You know the phrase, “you can’t take it with you?” If you’re wealthy and the the fiscal cliff negotiations play out the way the White House wants them to, the government’s going to take a bigger chunk when you pass on. Raising the estate tax is just one of the many ideas being bandied about as a way to raise revenue in the future.
The estate tax began in 1916 as a way to help raise money for World War I by taxing what the super rich leave to their heirs.
“What you find is that the big changes in the tax system almost always come in the middle of a war,” says Joe Thorndike, director of the Tax History Project at Tax Analysts and author of Their Fair Share: Taxing the Rich in the Age of FDR. He says there were two questions being asked during World War I which ultimately led to the creation of the estate tax:
How do we limit the concentration of wealth to maintain a robust democracy? And how much of the tax burden is it fair for the wealthy to bear?
“People who like the estate tax have decided, I think wisely, that they’ll get more advantage out of arguing about how the tax burden is shared by people rather than how wealth might be shared by people,” says Thorndike.
Nearly a century later estate tax backers are making that argument. This week, Mike Lapham, the director of the Responsible Wealth Project at United for a Fair Economy, brought a proposal to Congress that calls for an increase in the estate tax rate to help raise federal revenue. “My great great grandfather started a paper mill in 1865 and my family has paid an estate tax on several occassions,” says Lapham adding that he thinks it’s only fair that his family pay the government back for the use of paved roads and literate workers educated in public schools. The proposal is backed by other wealthy Americans: Warren Buffett, President Jimmy Carter, Bill Gates Sr., and George Soros.

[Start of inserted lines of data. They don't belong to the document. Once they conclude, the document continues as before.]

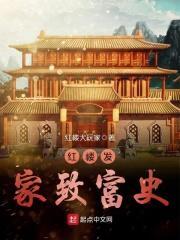 红楼发家致富史全文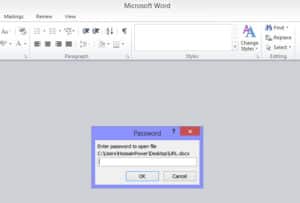 Password in Office File 7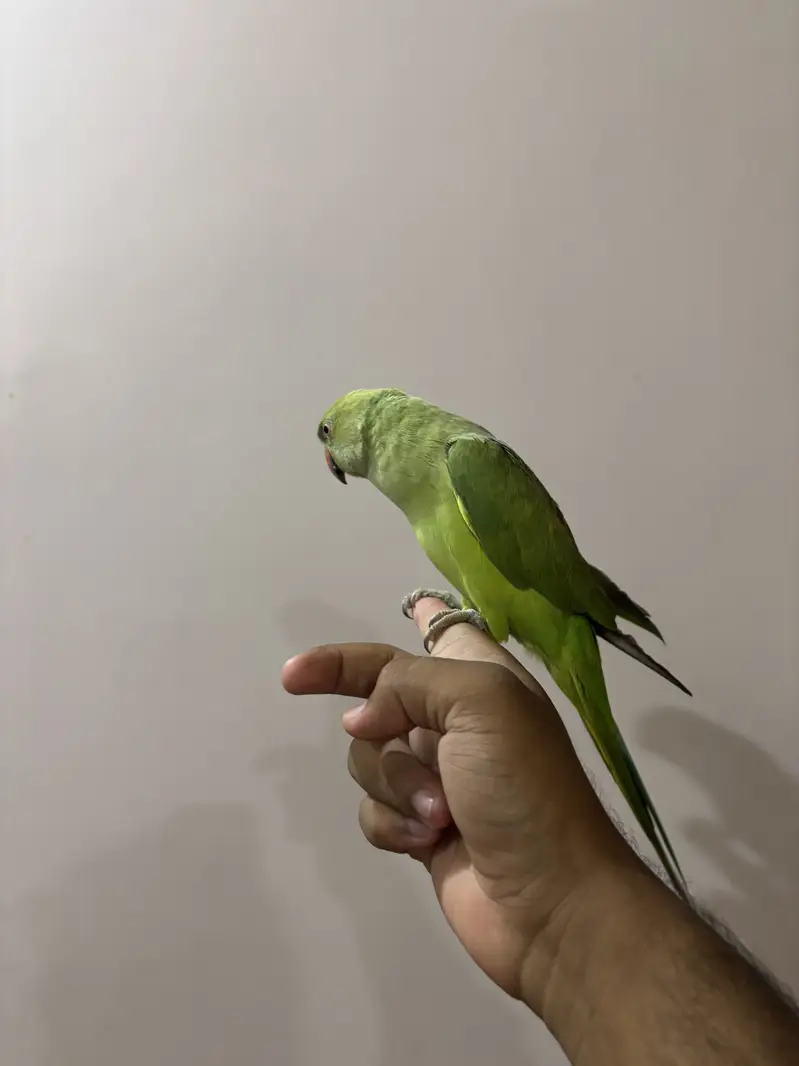 Hand Tame friendly — photo 3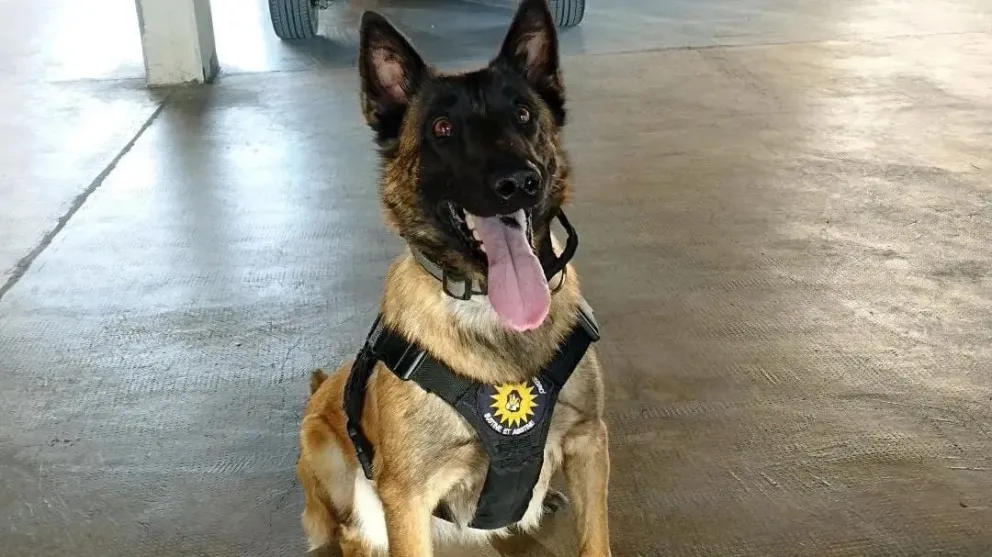 Cómo fue entrenada Roma, la perra que detecta droga en Río Negro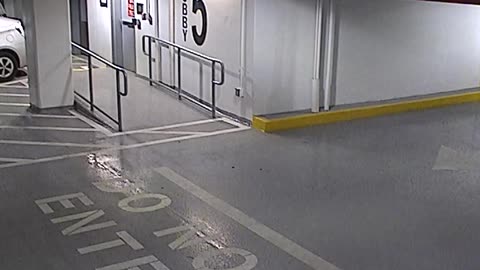 6080RHOBG3G305ANorthLobbyEntry_2021-01-06_13h40min03s233ms.mp4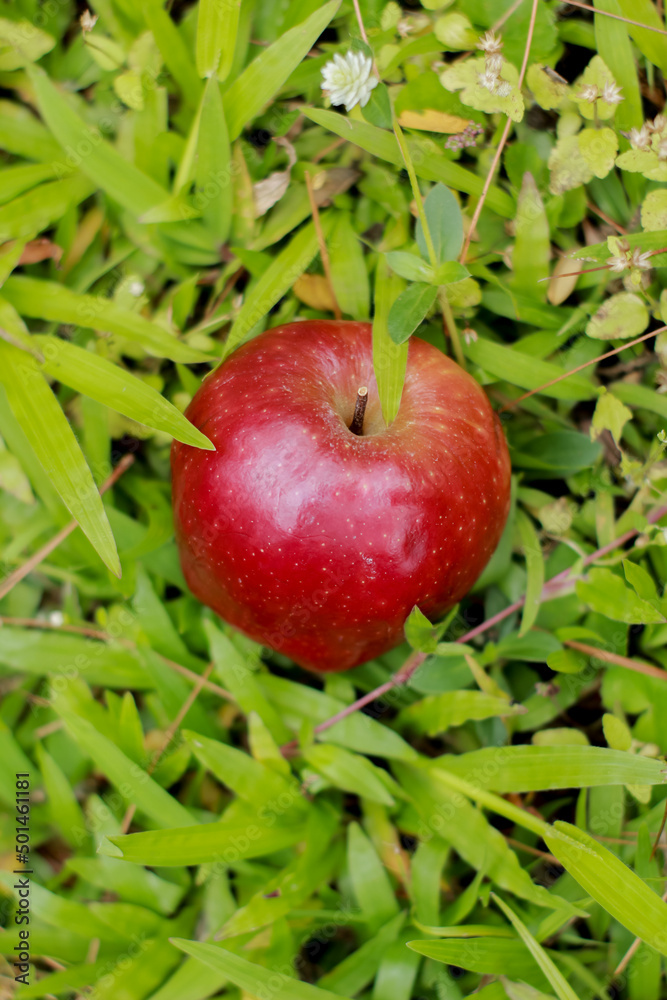 Red apple falling on green grass. Red apple falling on green grass.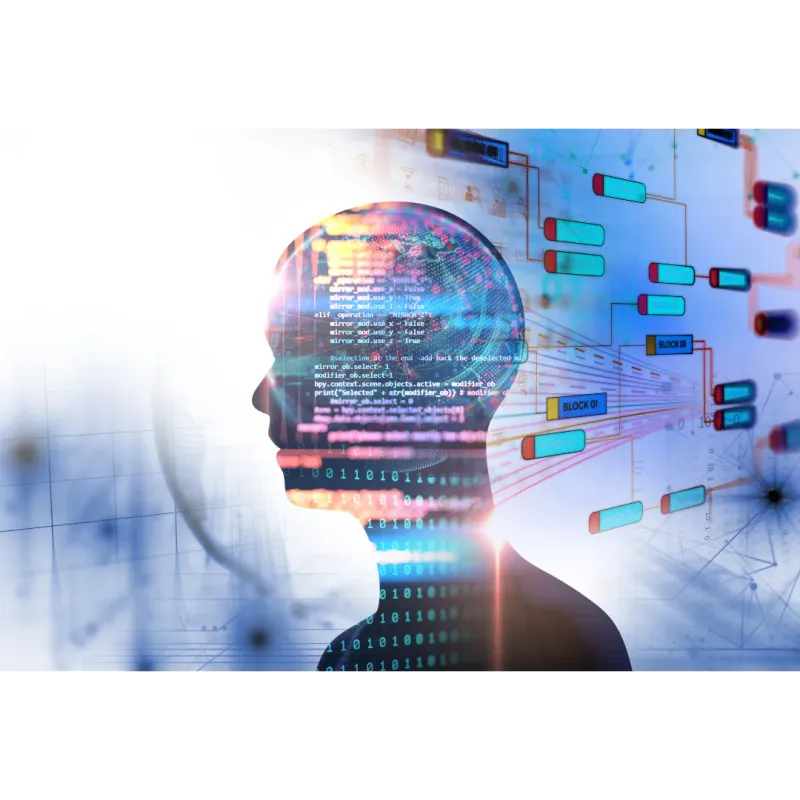 Offshoring Software Development
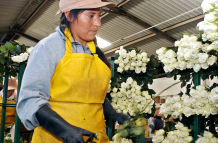 Sector floricultor en Ecuador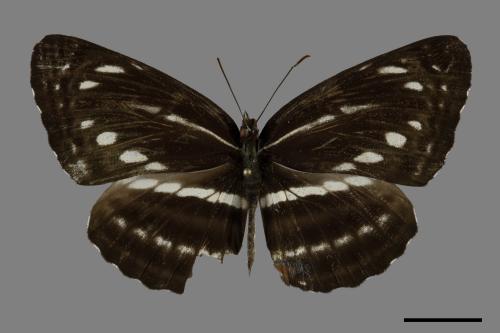 Neptis nata lutatia[臺灣三線蝶][00101165]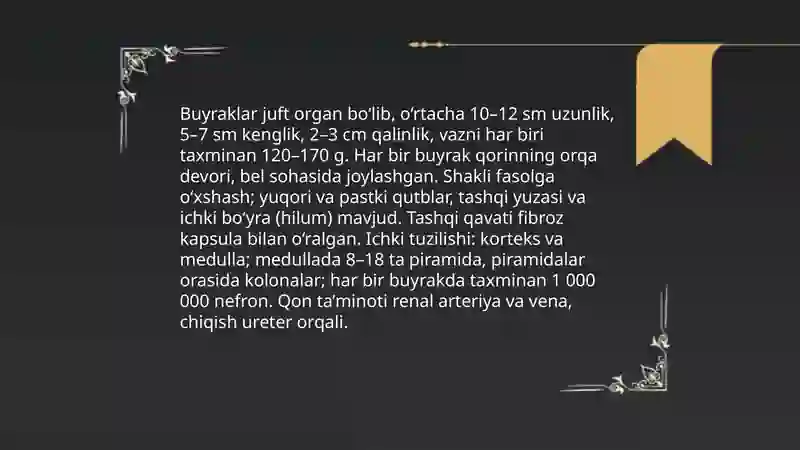 Buyrak 3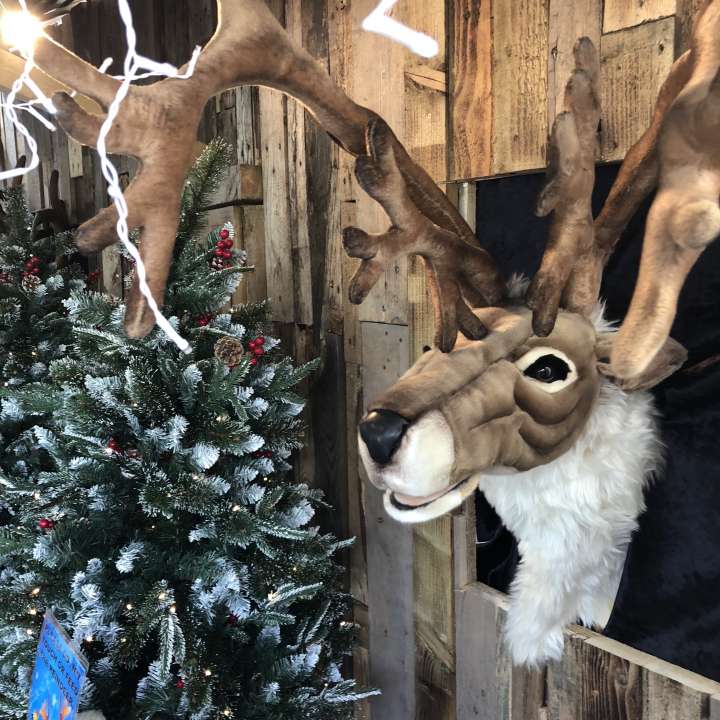 Christmas Attractions Birkacre Garden Centre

Republicans say if we don’t reach a fiscal compromise by January, individuals with estates worth over a million could take a tax hit and that’s not necessarily the Bill Gates-level wealthy. In some regions of the country, the people who get hit would be considered upper-middle class. Southern California-based certified financial planner, Louis Barajas, has clients in that category and says the estate tax definitely comes up in conversation. “I have yet to meet anyone who will tell me, Louis, I can’t wait to die and leave 35% or 55% of my estate, everything I worked hard for, to the government. Not one person has ever said that,” says Barajas.
So you may not be able to take it with you, but it’s still so hard to let it go.